Single-nucleus chromatin accessibility and RNA sequencing reveal impaired brain development in prenatally e-cigarette exposed neonatal rats
Zhong Chen,
Wanqiu Chen,
Yong Li,
Malcolm Moos, Jr.,
Daliao Xiao,
Charles Wang
Affiliations
Zhong Chen
Center for Genomics, School of Medicine, Loma Linda University, 11021 Campus St., Loma Linda, CA 92350, USA
Wanqiu Chen
Center for Genomics, School of Medicine, Loma Linda University, 11021 Campus St., Loma Linda, CA 92350, USA
Yong Li
Lawrence D. Longo, MD Center for Perinatal Biology, Division of Pharmacology, Department of Basic Sciences, Loma Linda University School of Medicine, Loma Linda, CA 92350, USA
Malcolm Moos, Jr.
Center for Biologics Evaluation and Research & Division of Cellular and Gene Therapies, U.S. Food and Drug Administration, 10903 New Hampshire Avenue, Silver Spring, MD 20993, USA
Daliao Xiao
Lawrence D. Longo, MD Center for Perinatal Biology, Division of Pharmacology, Department of Basic Sciences, Loma Linda University School of Medicine, Loma Linda, CA 92350, USA; Corresponding author
Charles Wang
Center for Genomics, School of Medicine, Loma Linda University, 11021 Campus St., Loma Linda, CA 92350, USA; Division of Microbiology & Molecular Genetics, Department of Basic Science, School of Medicine, Loma Linda University, 11021 Campus St., Loma Linda, CA 92350, USA; Corresponding author
Summary: Although emerging evidence reveals that vaping alters the function of the central nervous system, the effects of maternal vaping on offspring brain development remain elusive.
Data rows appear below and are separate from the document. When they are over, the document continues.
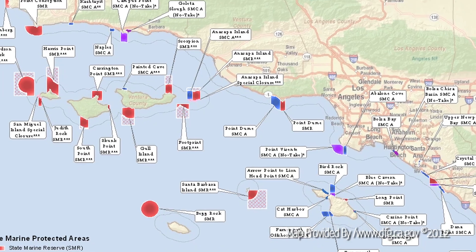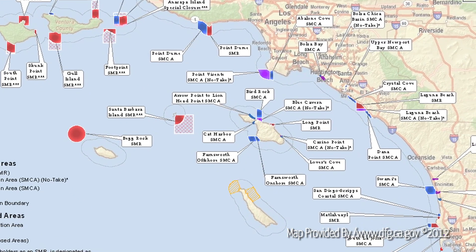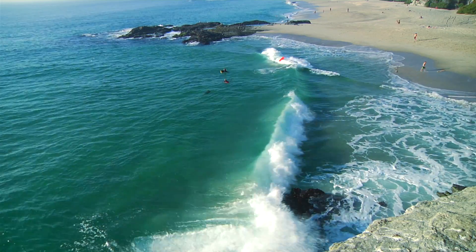The big local news is that on January 1st of this new year, the South Coast Marine Protected Areas became effective. This new network of marine protected areas covers about 15% of California state waters between Point Conception and the border of Mexico. Behind me is part of the Laguna Beach State Marine Reserve,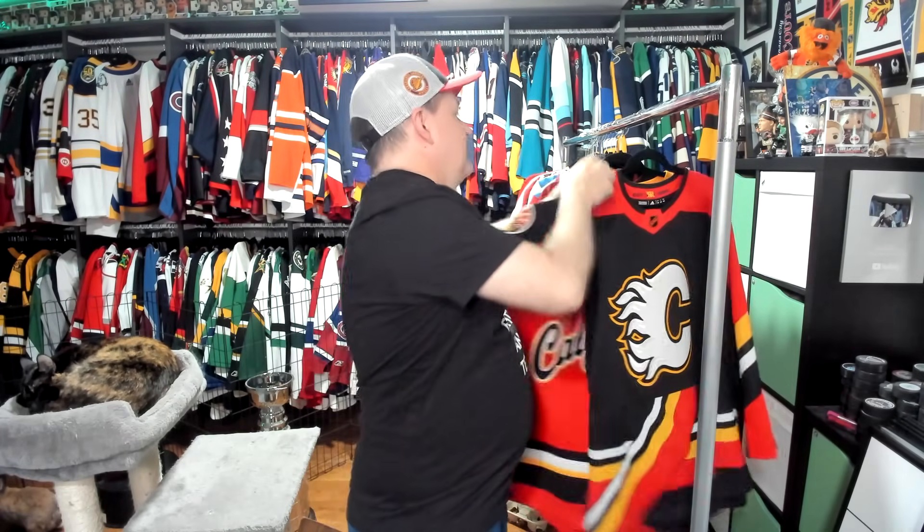Then there's the reverse retro from this time around. I think Calgary did just fine with this one. It keeps in mind that you're supposed to take an old logo design and reverse it — and it does both. It's retro, it's reverse, it gets the whole assignment. Calgary Flames have had some nice jerseys over the years. As a Canucks fan, I can say their jersey history, while not as colorful as Vancouver's, probably gets a higher overall rating from me.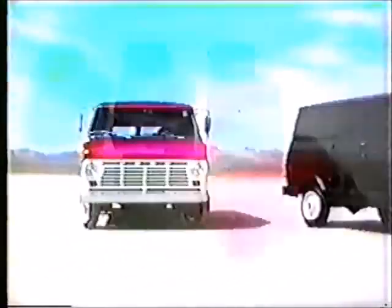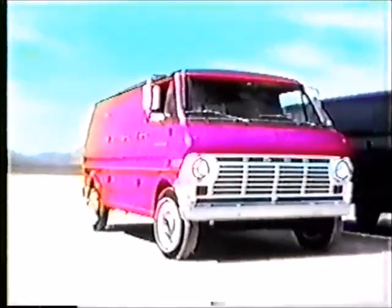You're about to see the Battle of the Vans — three competitive vans in the all-new Ford Econoline.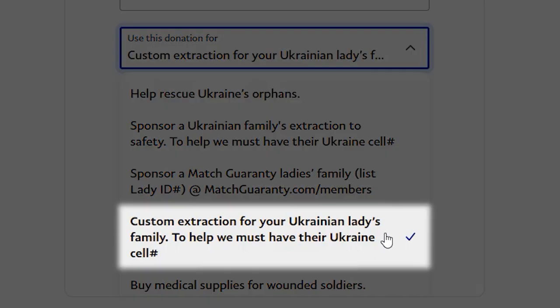The fourth option is our custom extraction help. It's for a lady or any loved one you have in Ukraine that you want to direct your donation to. Please take note: we must have a Ukraine cell phone number to contact them in order for us to help.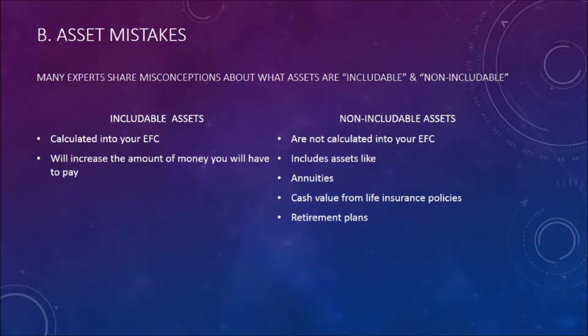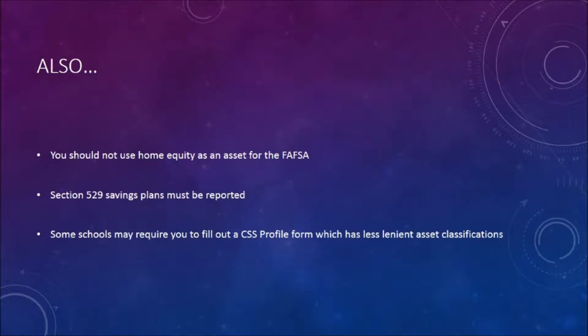Asset mistakes. Many experts share misconceptions about what assets are includable and non-includable. Includable assets are calculated into your EFC and will increase the amount of money you will have to pay. Non-includable assets are not calculated into your EFC, and they include assets such as annuities, cash value from life insurance policies, and retirement plans. You should not use home equity as an asset for the FAFSA. Section 529 saving plans must be reported, and some schools may require you to fill out the CSS profile form, which has less lenient asset classifications.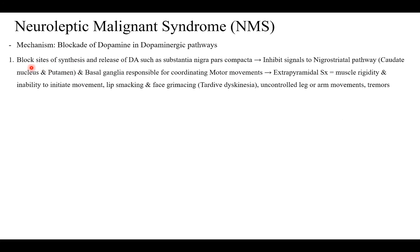When you block sites of synthesis and release of dopamine such as the substantia nigra pars compacta, you inhibit signals to the nigrostriatal pathway — that is the caudate nucleus, putamen, and basal ganglia — which are responsible for coordinating motor movements. Blocking this pathway produces extrapyramidal symptoms such as muscle rigidity, inability to initiate movement, lip smacking and face grimacing (tardive dyskinesia), uncontrolled limb movements, and tremors — essentially Parkinsonian features.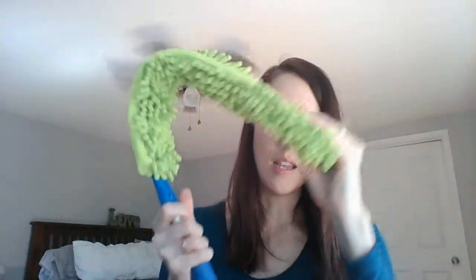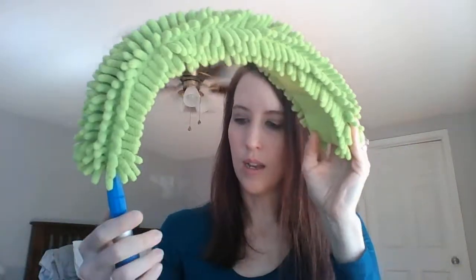If you want the upgraded package, you also get one of these flexible dusters. It bends so you can use it on ceiling fans, above your refrigerator, near your ceiling — anywhere you need to reach up high. It's amazing, and you can actually attach it to the mop that we sell, which is another very popular product I could not live without.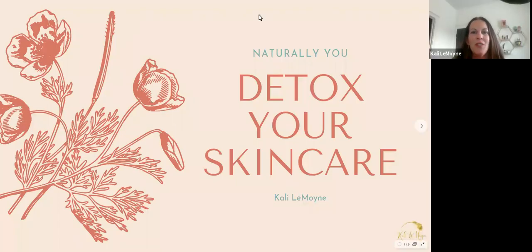Welcome to our Friday Naturally You class. My name is Callie Lemoyne. I am really excited today to share with you how to detox your skincare. I am a licensed esthetician. I've been licensed for eight years now — it'll be nine this summer. Time flies when you're having fun.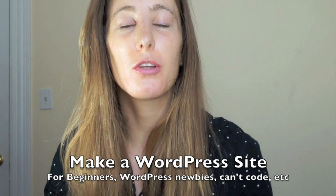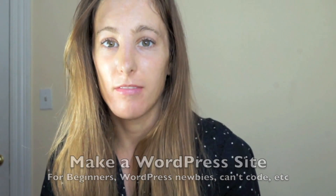Hey, nice to meet you. I'm Stacey. If you're a complete WordPress newbie, don't know how to code, have never set up a site in your life, and want to create a brand new WordPress website, then good news — you're in the right place.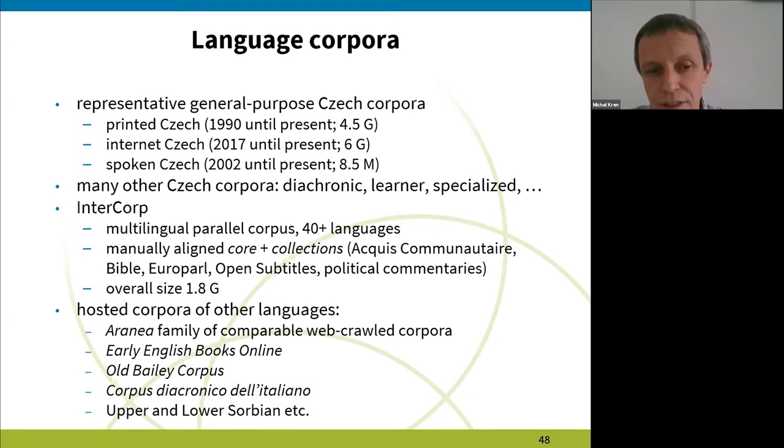For instance, we host a family of comparable web-crawled corpora called Aranea. Currently there are 14 languages, mostly European ones, with an average size of 1 billion words per language. We also host Early English Books Online, the Old Bailey corpus, a diachronic corpus of Italian, corpora of Upper and Lower Sorbian, etc. So there are not only Czech corpora — we also have corpora of many, many other languages.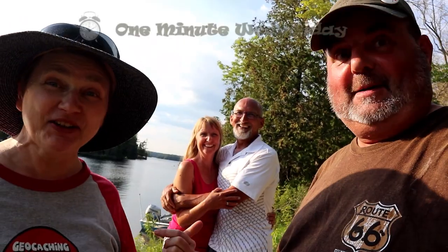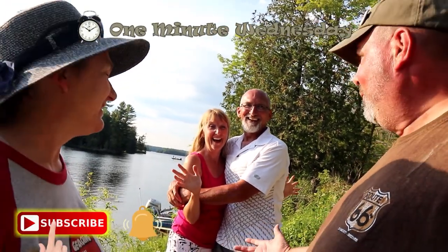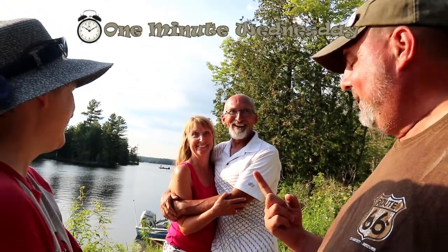Hey, you got a minute? Yeah we do! Hey look, it's Nook, Chook, and Terrier! Oh my gosh, it's our friends! Hey, would you guys help us with a One-Minute Wednesday? Sure! All right, awesome!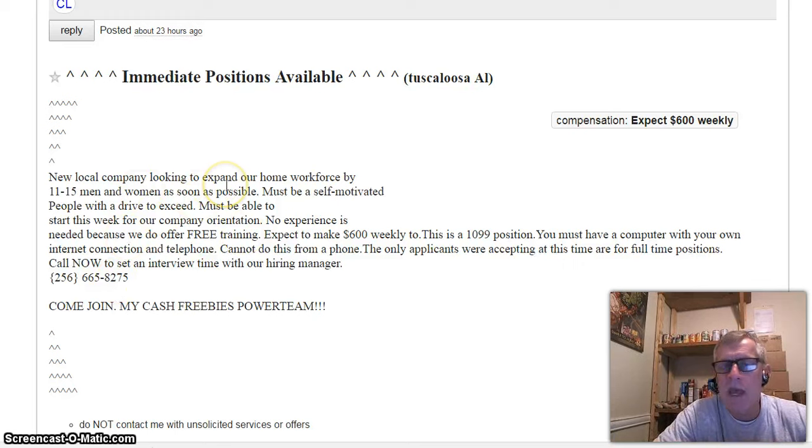All this ad does is create curiosity — you do that with certain keywords. Words like 'now,' 'free training,' 'must be self-motivated' — those words work on people's minds. 'Expect to make $600 weekly' — and that's if you're self-motivated and have a drive to succeed.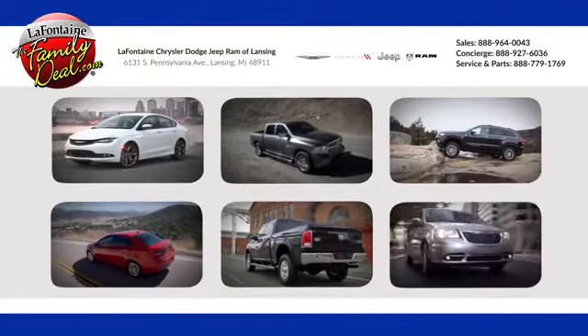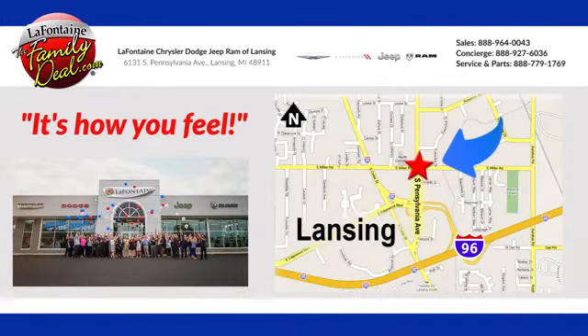LaFontaine Chrysler Dodge Jeep Ram of Lansing. Come see us today. We're conveniently located at 6131 South Pennsylvania Avenue in Lansing, Michigan.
Using a well-established in utero exposure model, we performed single-nucleus ATAC-seq (snATAC-seq) and RNA sequencing (snRNA-seq) on prenatally e-cigarette-exposed rat brains. We found that maternal vaping distorted neuronal lineage differentiation in the neonatal brain by promoting excitatory neurons and inhibiting lateral ganglionic eminence-derived inhibitory neuronal differentiation. Moreover, maternal vaping disrupted calcium homeostasis, induced microglia cell death, and elevated susceptibility to cerebral ischemic injury in the developing brain of offspring. Our results suggest that the aberrant calcium signaling, diminished microglial population, and impaired microglia-neuron interaction may all contribute to the underlying mechanisms by which prenatal e-cigarette exposure impairs neonatal rat brain development. Our findings raise the concern that maternal vaping may cause adverse long-term brain damage to the offspring.